### Task details
Leaving the pictures aside, reproduce the data in full and word for word.

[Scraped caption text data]
>>>
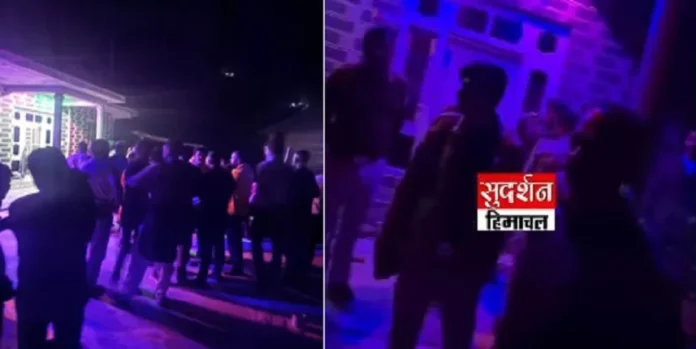 Crowd gathered at night in a dimly lit venue, illuminated by purple lighting.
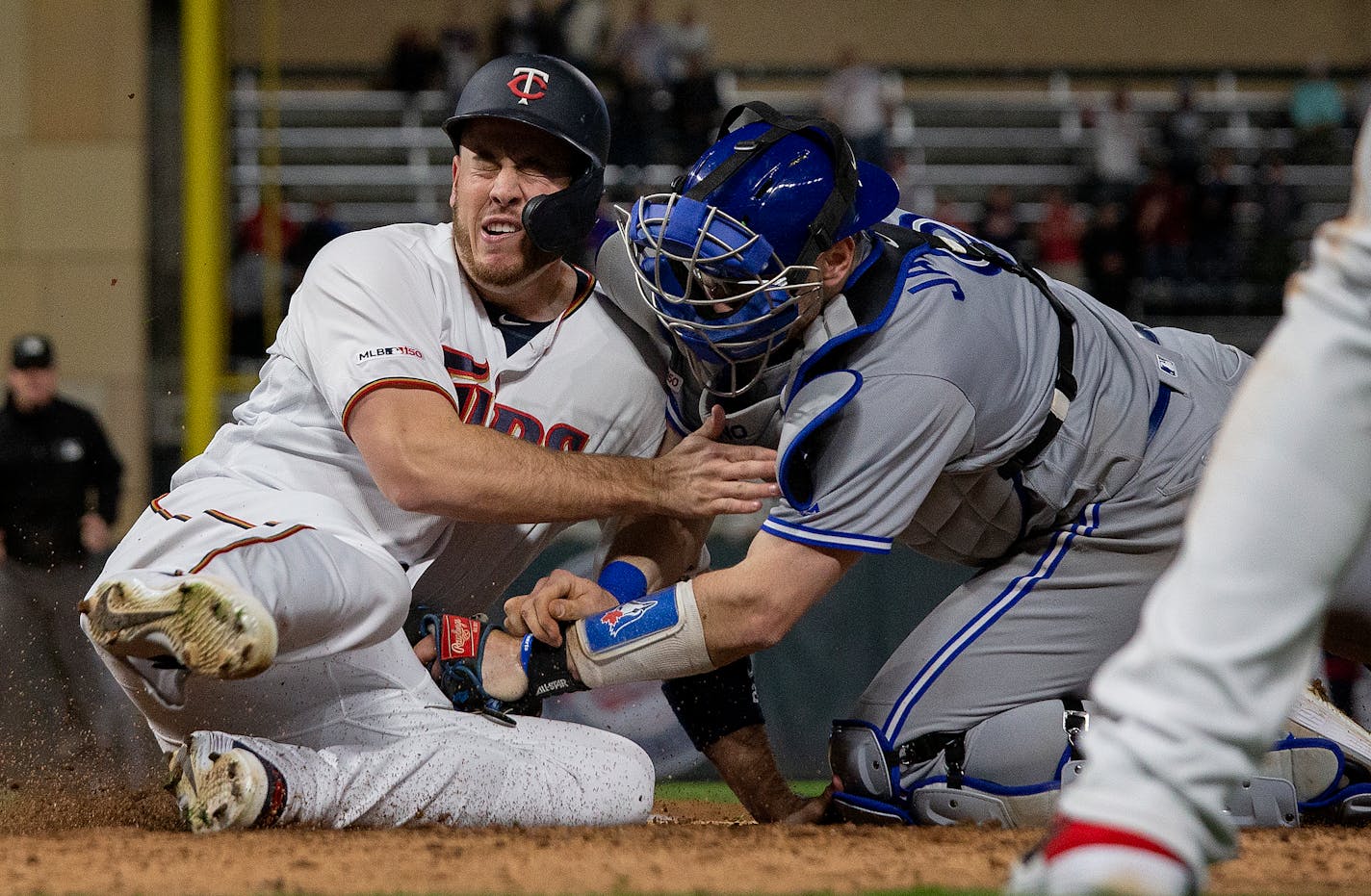 C.J. Cron rumbled for home on Byron Buxton's ninth-inning double, only to be tagged out by Toronto catcher Danny Jansen.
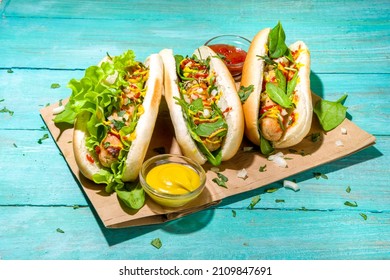 Homemade vegan hotdogs. Hot dog with white meat sausages, fresh vegetables, greens, sauces, over summer sun lighted blue wooden background copy space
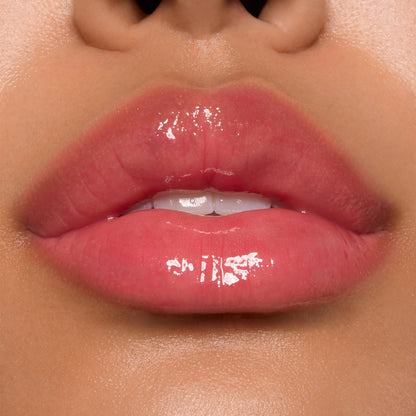 Glossy pink lips showcasing ColourPop Ultra Glossy Lip, shade Experiment 626, catching bright studio light with a glassy finish in a tight close-up beauty swatch.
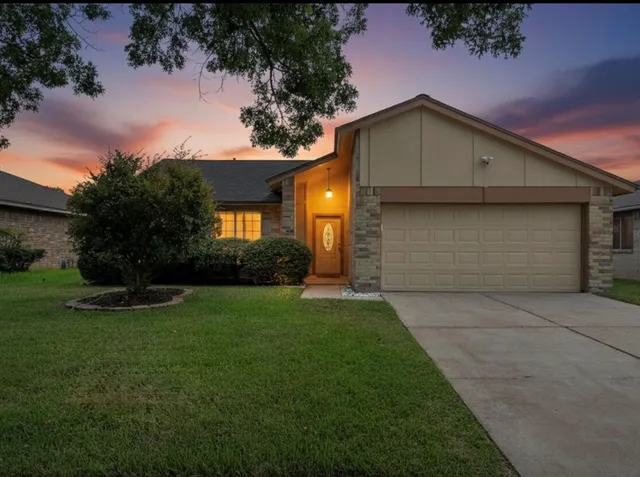 a view of house with backyard space and garden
<<<
### Output for this exercise
 Crowd gathered at night in a dimly lit venue, illuminated by purple lighting.
 C.J. Cron rumbled for home on Byron Buxton's ninth-inning double, only to be tagged out by Toronto catcher Danny Jansen.
 Homemade vegan hotdogs. Hot dog with white meat sausages, fresh vegetables, greens, sauces, over summer sun lighted blue wooden background copy space
 Glossy pink lips showcasing ColourPop Ultra Glossy Lip, shade Experiment 626, catching bright studio light with a glassy finish in a tight close-up beauty swatch.
 a view of house with backyard space and garden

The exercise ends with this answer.